> [Data for analysis]:
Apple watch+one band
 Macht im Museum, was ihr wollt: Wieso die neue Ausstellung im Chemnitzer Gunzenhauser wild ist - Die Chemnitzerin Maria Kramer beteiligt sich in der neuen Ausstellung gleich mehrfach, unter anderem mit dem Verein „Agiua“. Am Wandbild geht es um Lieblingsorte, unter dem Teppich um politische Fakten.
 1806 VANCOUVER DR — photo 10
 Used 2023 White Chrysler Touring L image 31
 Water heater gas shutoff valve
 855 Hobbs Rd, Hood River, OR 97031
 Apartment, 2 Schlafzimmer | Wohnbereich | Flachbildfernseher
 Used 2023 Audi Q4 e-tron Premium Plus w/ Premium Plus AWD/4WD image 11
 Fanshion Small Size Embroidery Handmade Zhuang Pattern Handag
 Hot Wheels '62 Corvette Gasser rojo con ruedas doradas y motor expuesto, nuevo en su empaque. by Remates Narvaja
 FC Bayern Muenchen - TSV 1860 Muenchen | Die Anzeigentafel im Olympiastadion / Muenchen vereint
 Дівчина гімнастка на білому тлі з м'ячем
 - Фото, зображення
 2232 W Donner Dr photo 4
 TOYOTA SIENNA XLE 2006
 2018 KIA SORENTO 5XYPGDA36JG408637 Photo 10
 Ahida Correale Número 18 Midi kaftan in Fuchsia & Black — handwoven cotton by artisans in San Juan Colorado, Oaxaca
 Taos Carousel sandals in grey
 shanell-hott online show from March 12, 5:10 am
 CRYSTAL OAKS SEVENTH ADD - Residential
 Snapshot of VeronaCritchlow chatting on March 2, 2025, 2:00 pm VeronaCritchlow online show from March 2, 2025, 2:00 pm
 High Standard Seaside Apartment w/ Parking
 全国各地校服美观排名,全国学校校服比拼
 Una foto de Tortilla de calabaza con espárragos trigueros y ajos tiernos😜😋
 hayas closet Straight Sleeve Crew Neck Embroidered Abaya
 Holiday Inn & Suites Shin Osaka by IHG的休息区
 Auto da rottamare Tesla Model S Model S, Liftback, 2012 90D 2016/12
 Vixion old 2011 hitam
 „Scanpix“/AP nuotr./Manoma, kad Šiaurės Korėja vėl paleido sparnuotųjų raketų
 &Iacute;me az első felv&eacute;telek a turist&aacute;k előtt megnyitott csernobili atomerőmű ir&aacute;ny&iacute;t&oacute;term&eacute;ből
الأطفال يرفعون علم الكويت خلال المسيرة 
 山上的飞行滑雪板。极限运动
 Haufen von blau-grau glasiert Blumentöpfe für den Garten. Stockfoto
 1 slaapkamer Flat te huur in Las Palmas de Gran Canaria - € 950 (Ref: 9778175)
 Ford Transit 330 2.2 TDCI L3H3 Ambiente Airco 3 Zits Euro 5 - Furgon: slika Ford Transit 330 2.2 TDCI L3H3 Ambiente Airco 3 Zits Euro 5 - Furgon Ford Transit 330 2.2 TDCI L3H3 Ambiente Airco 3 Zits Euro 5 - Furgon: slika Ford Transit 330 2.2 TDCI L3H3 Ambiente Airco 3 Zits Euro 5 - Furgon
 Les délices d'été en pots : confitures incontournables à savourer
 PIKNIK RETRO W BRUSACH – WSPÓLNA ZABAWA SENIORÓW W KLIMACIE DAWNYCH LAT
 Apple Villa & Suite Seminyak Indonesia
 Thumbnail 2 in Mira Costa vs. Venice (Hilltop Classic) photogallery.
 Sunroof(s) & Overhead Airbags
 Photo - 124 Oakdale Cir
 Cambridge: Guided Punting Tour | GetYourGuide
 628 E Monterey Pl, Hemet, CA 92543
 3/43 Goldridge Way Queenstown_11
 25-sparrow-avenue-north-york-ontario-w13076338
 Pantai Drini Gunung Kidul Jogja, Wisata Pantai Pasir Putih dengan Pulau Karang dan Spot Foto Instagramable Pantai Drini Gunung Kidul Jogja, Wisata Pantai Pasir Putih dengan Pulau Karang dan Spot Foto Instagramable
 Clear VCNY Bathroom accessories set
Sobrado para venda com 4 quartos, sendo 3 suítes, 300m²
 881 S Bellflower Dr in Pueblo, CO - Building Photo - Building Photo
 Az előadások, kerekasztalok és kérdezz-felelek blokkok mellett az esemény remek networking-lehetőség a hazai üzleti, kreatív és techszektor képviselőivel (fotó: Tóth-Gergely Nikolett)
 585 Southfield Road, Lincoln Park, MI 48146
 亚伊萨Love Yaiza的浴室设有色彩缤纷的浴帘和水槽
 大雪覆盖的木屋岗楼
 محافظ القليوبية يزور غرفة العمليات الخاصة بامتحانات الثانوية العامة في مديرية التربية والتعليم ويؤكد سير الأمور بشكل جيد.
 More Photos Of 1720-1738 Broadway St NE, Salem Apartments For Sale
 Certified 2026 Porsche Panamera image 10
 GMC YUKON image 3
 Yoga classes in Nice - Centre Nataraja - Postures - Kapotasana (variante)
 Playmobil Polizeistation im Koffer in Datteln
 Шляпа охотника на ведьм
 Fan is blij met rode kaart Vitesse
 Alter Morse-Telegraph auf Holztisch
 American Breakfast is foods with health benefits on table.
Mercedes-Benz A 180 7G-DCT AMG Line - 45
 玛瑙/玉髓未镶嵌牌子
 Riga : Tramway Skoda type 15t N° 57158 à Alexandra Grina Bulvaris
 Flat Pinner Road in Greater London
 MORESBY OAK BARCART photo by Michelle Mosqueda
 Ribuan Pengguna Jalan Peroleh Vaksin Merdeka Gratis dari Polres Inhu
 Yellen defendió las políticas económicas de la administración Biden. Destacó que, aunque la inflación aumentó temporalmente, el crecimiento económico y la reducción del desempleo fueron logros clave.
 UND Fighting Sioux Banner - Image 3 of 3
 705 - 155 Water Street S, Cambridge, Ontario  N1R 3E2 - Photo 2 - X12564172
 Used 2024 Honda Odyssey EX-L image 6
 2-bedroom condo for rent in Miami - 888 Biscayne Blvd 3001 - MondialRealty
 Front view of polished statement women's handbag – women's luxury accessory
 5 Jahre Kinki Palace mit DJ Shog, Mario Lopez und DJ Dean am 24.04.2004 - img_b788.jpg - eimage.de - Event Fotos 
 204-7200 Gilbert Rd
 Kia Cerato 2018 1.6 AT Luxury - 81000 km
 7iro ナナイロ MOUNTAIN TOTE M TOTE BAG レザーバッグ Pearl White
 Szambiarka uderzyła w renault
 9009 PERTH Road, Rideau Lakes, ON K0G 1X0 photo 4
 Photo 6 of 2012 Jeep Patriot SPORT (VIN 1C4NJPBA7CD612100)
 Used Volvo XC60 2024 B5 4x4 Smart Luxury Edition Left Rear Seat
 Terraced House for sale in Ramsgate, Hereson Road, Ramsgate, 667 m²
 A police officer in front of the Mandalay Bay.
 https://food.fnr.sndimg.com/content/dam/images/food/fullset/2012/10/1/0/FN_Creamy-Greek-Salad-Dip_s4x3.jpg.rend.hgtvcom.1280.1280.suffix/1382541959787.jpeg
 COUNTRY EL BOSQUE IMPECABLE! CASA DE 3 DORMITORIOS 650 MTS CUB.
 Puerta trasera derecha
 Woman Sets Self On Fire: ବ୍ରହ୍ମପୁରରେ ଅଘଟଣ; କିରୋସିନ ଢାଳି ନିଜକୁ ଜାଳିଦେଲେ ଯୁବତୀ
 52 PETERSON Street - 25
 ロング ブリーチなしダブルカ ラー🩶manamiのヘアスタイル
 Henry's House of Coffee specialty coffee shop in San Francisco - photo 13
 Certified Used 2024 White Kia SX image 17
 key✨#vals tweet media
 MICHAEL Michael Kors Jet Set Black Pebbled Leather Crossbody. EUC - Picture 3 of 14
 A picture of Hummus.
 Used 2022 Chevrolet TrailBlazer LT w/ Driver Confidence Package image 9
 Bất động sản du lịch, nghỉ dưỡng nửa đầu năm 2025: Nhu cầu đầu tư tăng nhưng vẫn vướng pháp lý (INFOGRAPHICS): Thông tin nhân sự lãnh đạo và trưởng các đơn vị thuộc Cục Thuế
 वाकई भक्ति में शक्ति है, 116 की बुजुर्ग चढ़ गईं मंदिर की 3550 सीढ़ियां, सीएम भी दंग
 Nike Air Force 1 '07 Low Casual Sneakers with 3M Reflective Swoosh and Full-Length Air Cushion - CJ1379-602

> [Your objective]: Within the material above, output exactly the lines from the one with "Front view of" through the one with "Henry's House of", end lines included, and nothing besides.

> [Task solution]:
 Front view of polished statement women's handbag – women's luxury accessory
 5 Jahre Kinki Palace mit DJ Shog, Mario Lopez und DJ Dean am 24.04.2004 - img_b788.jpg - eimage.de - Event Fotos 
 204-7200 Gilbert Rd
 Kia Cerato 2018 1.6 AT Luxury - 81000 km
 7iro ナナイロ MOUNTAIN TOTE M TOTE BAG レザーバッグ Pearl White
 Szambiarka uderzyła w renault
 9009 PERTH Road, Rideau Lakes, ON K0G 1X0 photo 4
 Photo 6 of 2012 Jeep Patriot SPORT (VIN 1C4NJPBA7CD612100)
 Used Volvo XC60 2024 B5 4x4 Smart Luxury Edition Left Rear Seat
 Terraced House for sale in Ramsgate, Hereson Road, Ramsgate, 667 m²
 A police officer in front of the Mandalay Bay.
 https://food.fnr.sndimg.com/content/dam/images/food/fullset/2012/10/1/0/FN_Creamy-Greek-Salad-Dip_s4x3.jpg.rend.hgtvcom.1280.1280.suffix/1382541959787.jpeg
 COUNTRY EL BOSQUE IMPECABLE! CASA DE 3 DORMITORIOS 650 MTS CUB.
 Puerta trasera derecha
 Woman Sets Self On Fire: ବ୍ରହ୍ମପୁରରେ ଅଘଟଣ; କିରୋସିନ ଢାଳି ନିଜକୁ ଜାଳିଦେଲେ ଯୁବତୀ
 52 PETERSON Street - 25
 ロング ブリーチなしダブルカ ラー🩶manamiのヘアスタイル
 Henry's House of Coffee specialty coffee shop in San Francisco - photo 13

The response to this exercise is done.